Archive for November, 2015

NihAV — NAScale

Saturday, November 21st, 2015

First, some history. If you don’t like reading about it just skip to the ruler below.

So, NAScale is born after yet another attempt to design a good colourspace conversion and scaling library. Long time ago FFmpeg didn’t have any proper solution for that and used rather rudimentary imgconvert; later it was replaced with libswscale lifted from MPlayer. Unfortunately it was designed for rather specific player tasks (mostly converting YUV to RGB for displaying with X11 DGA driver) rather than generic utility library and some of its original design still shows to this day. Actually, libswscale should have a warm place in every true FFmpeg developer’s heart next to MPEGEncContext. Still, while being far from ideal it has SIMD optimisations and it works, so it’s still being used.

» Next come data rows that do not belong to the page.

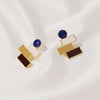 Silver Needle Fruit And Geometric Style Stud Earrings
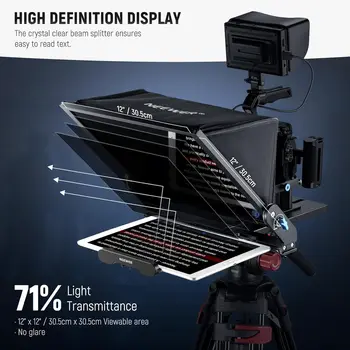 NEEWER Teleprompter X17 II with RT113 Remote/APP Control, 17" HD Beamsplitter All Metal Frame Upgraded Camera Mount QR Plate detail image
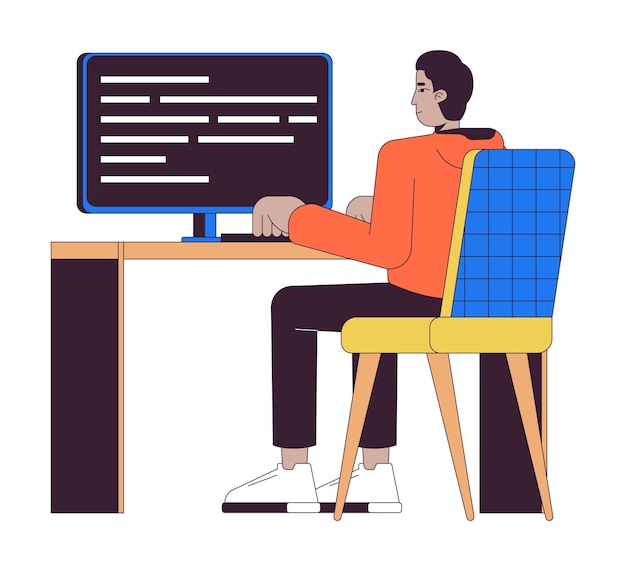 Indian man developing computer software 2D linear cartoon character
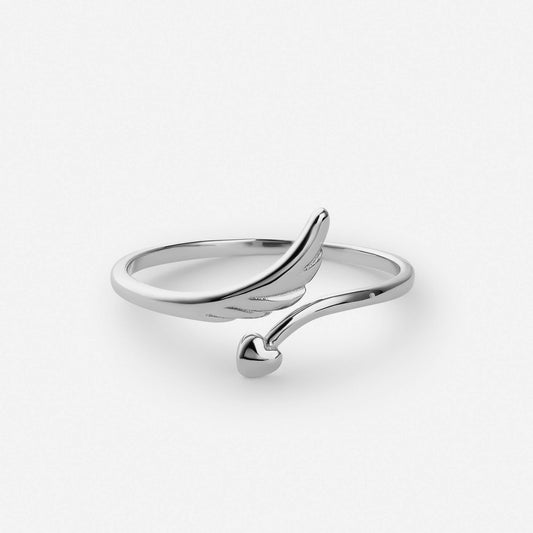Heart-Shaped Feather Ring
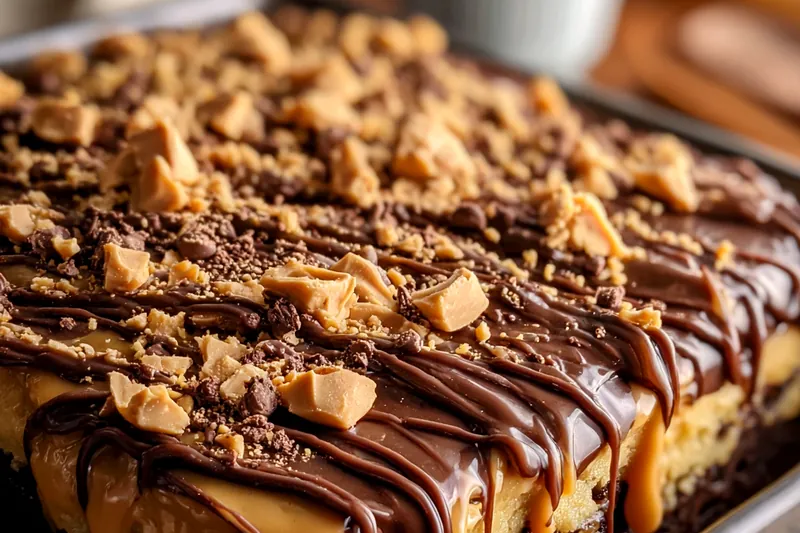 Process shots showing poking holes in warm chocolate cake and pouring golden peanut butter filling over the top, demonstrating how the filling seeps into the holes
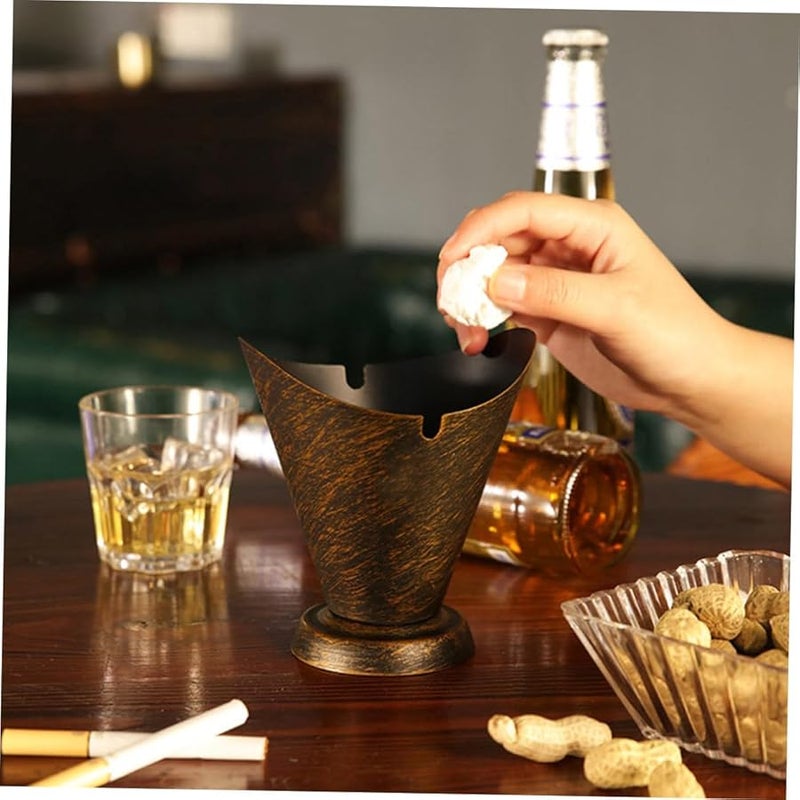 منفضة سجائر حديدية رجعية حاوية رماد محمولة ديكور منزلي كلاسيكي غرفة المعيشة المكتب - Image 3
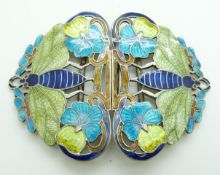 Art Nouveau white metal belt buckle with enamel decoration depicting two dragonflies or similar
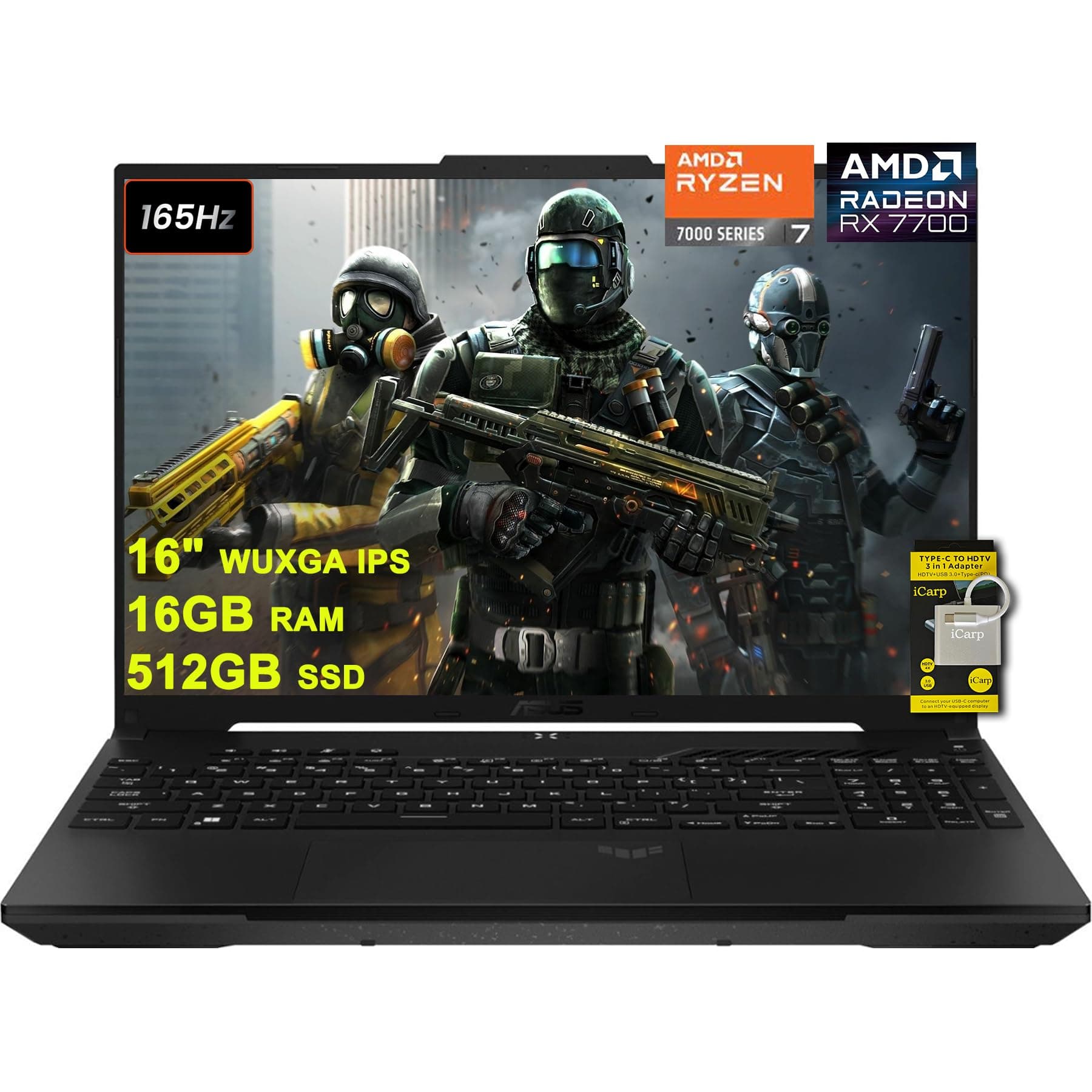 ASUS TUF Gaming A16 Laptop 16" WUXGA 165Hz 100% sRGB AMD 8-core Ryzen 7 7735HS 16GB RAM 512GB… product image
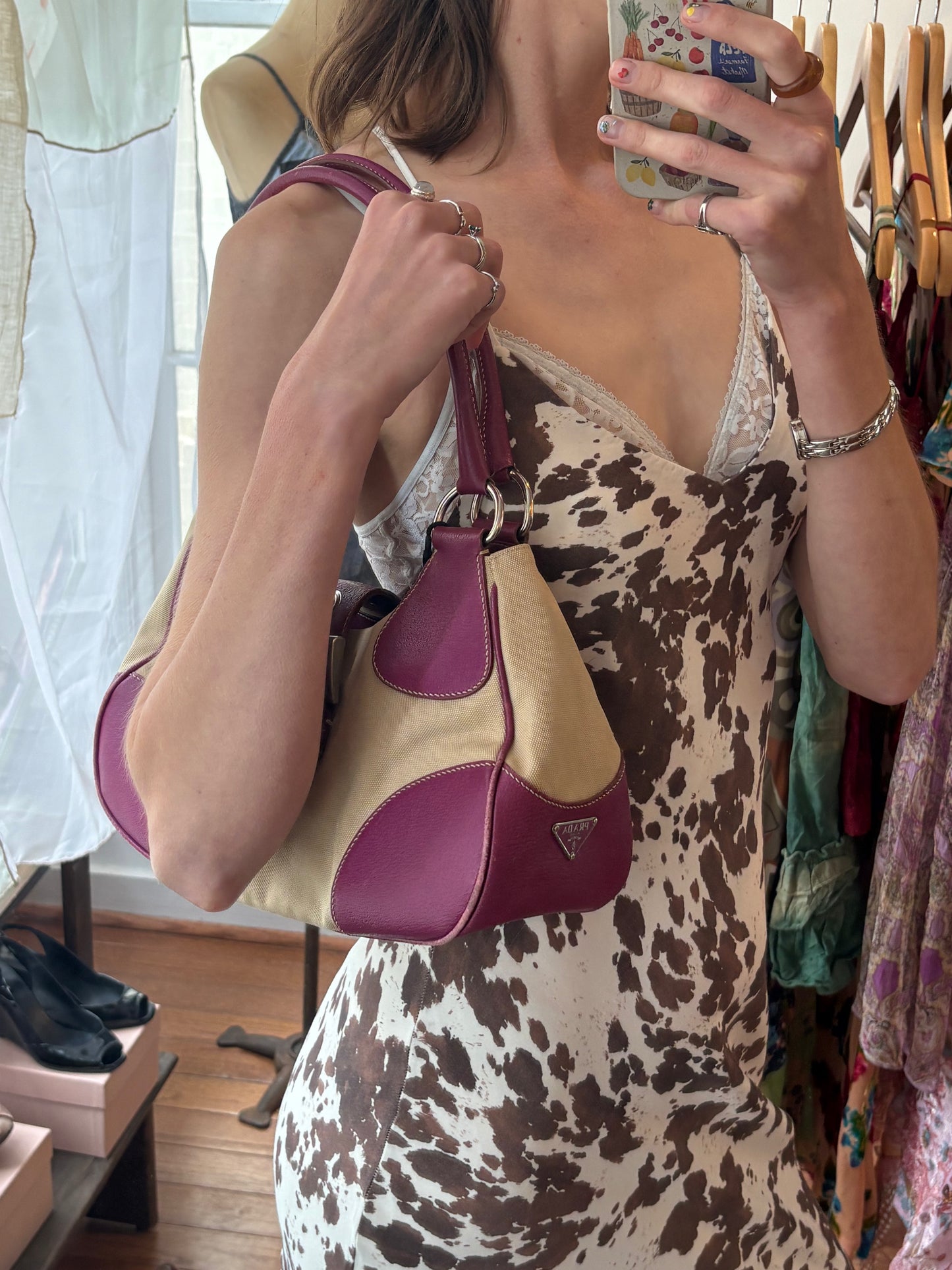 2000s PRADA Beige Magenta Moon Bag
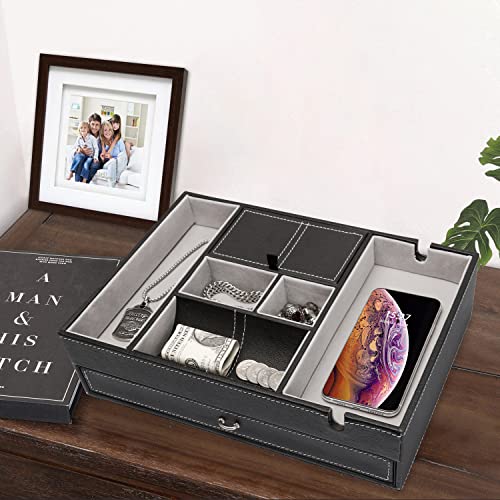 Baoyun Valet Tray for Men, 2 Layers Nightstand Organizers for Men and Women, Leather Jewelry Storage Box, Mens Dresser Top Organizer, Catch All for Jewelry Key Wallet and Phone (Black) - color: Double-deck Black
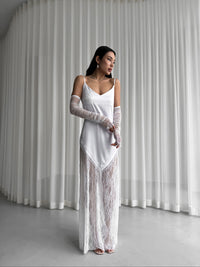 Opera Length Fingerless Lace Gloves - Okiya Studio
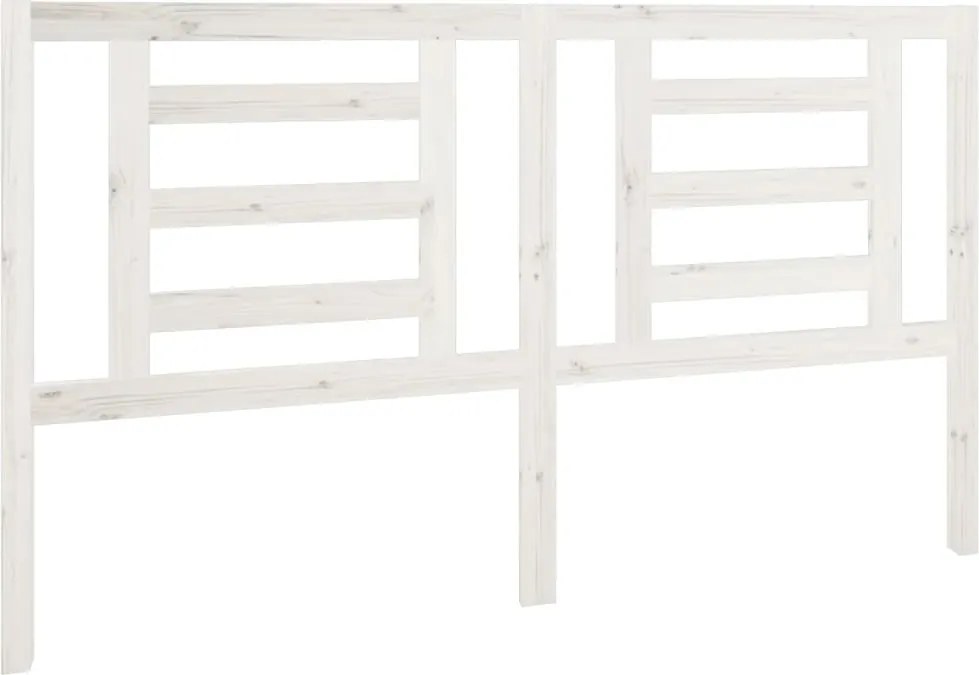 vidaXL Tăblie de pat, alb, 166x4x100 cm, lemn masiv de pin
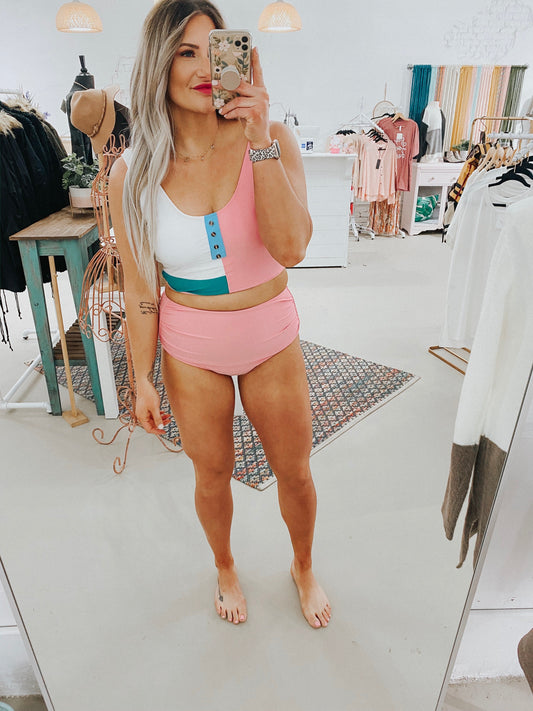 Pink Midi Ruched Bottom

And yet some people unsatisfied with it decided to write a replacement from scratch. Originally AVScale (a Libav™ project) was supposed to be designed during coding sprint in Summer 2014. And of course nothing substantial came out of it.

Then I proposed my vision how it should work and even wrote a proof of concept (i.e. throwaway) code to demonstrate it back in Autumn 2014. I’d made an update to it in March 2015 to show how to work with high bitdepth formats but nobody has touched it since then (and hardly before that too). Thus I’m reusing that failing effort as NAScale for NihAV.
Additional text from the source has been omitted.